While any actual mining in Virginia could be years away, members of the General Assembly wanted to get ahead of the issue. That’s why Del. Elizabeth Guzman (D-Prince William) filed HB 2213 in 2021. The bill, which passed in that year’s regular session, put a few requirements in place.

First, a work group had to be set up to study the issue. It was divided into two parts. One of those was the National Academies group, assembled to evaluate the scientific aspects of gold mining. Now their report has been turned in. The second group includes representatives from Virginia Energy, the Department of Environmental Quality, the Virginia Department of Health, the Council on Environmental Justice, the Monacan Indian Nation and local government and citizen groups. They’ve been holding hearings over the last few months, collecting data. Their assignment is to take all of the information and put it together. Then they’re to make recommendations for the General Assembly to act on in their next session.

Workgroup members concerned about the report

Group members said they’ve read through this report and weren’t happy with what they saw.

“From what I’ve read so far, it confirms our local concerns that gold mining causes significant negative impacts,” said Kenda Hanuman. The Friends of Buckingham representative on the state workgroup said it’s clear Virginia’s regulatory framework is nowhere near prepared.

“I think this report shows that at the very least, Virginia needs a moratorium, if not an all out ban (on gold mining),” Hanuman said. She added that the state workgroup will need adequate time to review the report, before making recommendations of their own.

Her comments were echoed by Buckingham County Board of Supervisors Chairman Jordan Miles III, who also serves on the state workgroup.

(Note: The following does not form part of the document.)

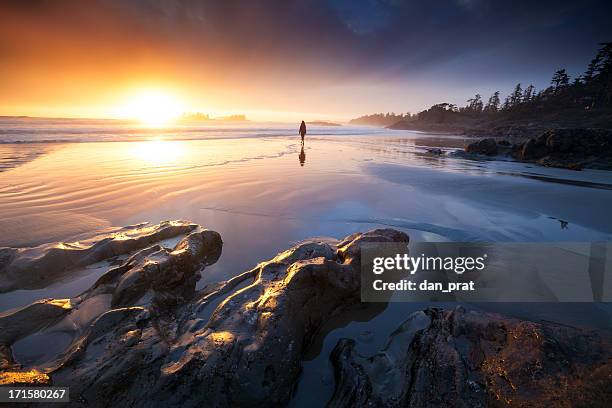 coastal sogno - tofino foto e immagini stock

“I am not surprised at the NAS’ conclusions,” Miles said. “It is crystal clear that the Commonwealth does not have a regulatory system that effectively and consistently reviews and examines the environmental impacts of gold mining. Without such, the impacts on water, public health, air, soil and the livelihoods of those living anywhere near a gold mine would prove to be detrimental and dangerous at best.”

The workgroup held its final scheduled meeting on Thursday, Nov. 3, after this edition went to press. We’ll have coverage of their recommendations and next steps in the Nov. 9 paper. The group is under somewhat of a ticking clock. They’re required to submit final recommendations to the Assembly by Dec. 1.